Almost a third of respondents said they had been verbally harassed in the past year, and 3% of respondents said they had been physically attacked in the past year because of their gender identity.
But they also reported positive experiences. The vast majority of respondents—almost 94 percent—said they were more satisfied with their lives after transitioning. Among those taking hormones, 98 percent said the treatments had made them more satisfied with life.
Since the 2015 survey, state legislatures have become much more hostile to LGBTQ people, with restrictions on health care for minors and adults, library books, bathroom access, school sports participation and gender recognition on legal documents. State legislatures are now considering nearly 400 such bills, according to the American Civil Liberties Union.
Nearly half of respondents to the 2022 survey said they had considered moving in the previous year because of restrictive bills passed or introduced in their state, and 5 percent said they had moved. Forty-four percent reported severe psychological distress in the previous 30 days.
The results appear largely in line with the 2015 findings, although the team has yet to compare the data in detail, Dr James said.
“A steady state has been created, an environment in which people cannot thrive,” Dr James said. “And trans people are trying to go about their lives just like anyone else in the United States.”

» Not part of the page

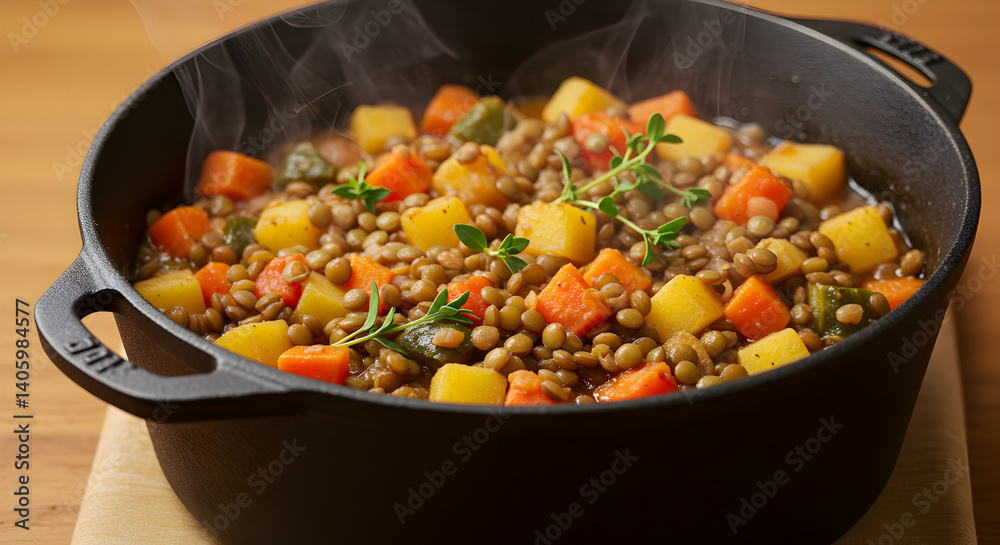 Homemade hearty lentil and vegetable stew simmering in a cast iron pot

The 2022 survey was the first to include respondents aged 16 and 17 and included more than 8,000 of the total respondents. The teenagers were excluded from some of the preliminary report’s other analyses, such as those related to their experiences with medical treatments, but will be included in the report to be published later this year.
60% of teens reported mistreatment at school, including verbal harassment, physical violence and cyberbullying, as well as being banned from using their chosen names, pronouns or the bathroom that matched their gender identity. Minors were also more likely than adults to report having family members who did not support their gender identity, and 5 percent said family members were violent toward them for being transgender.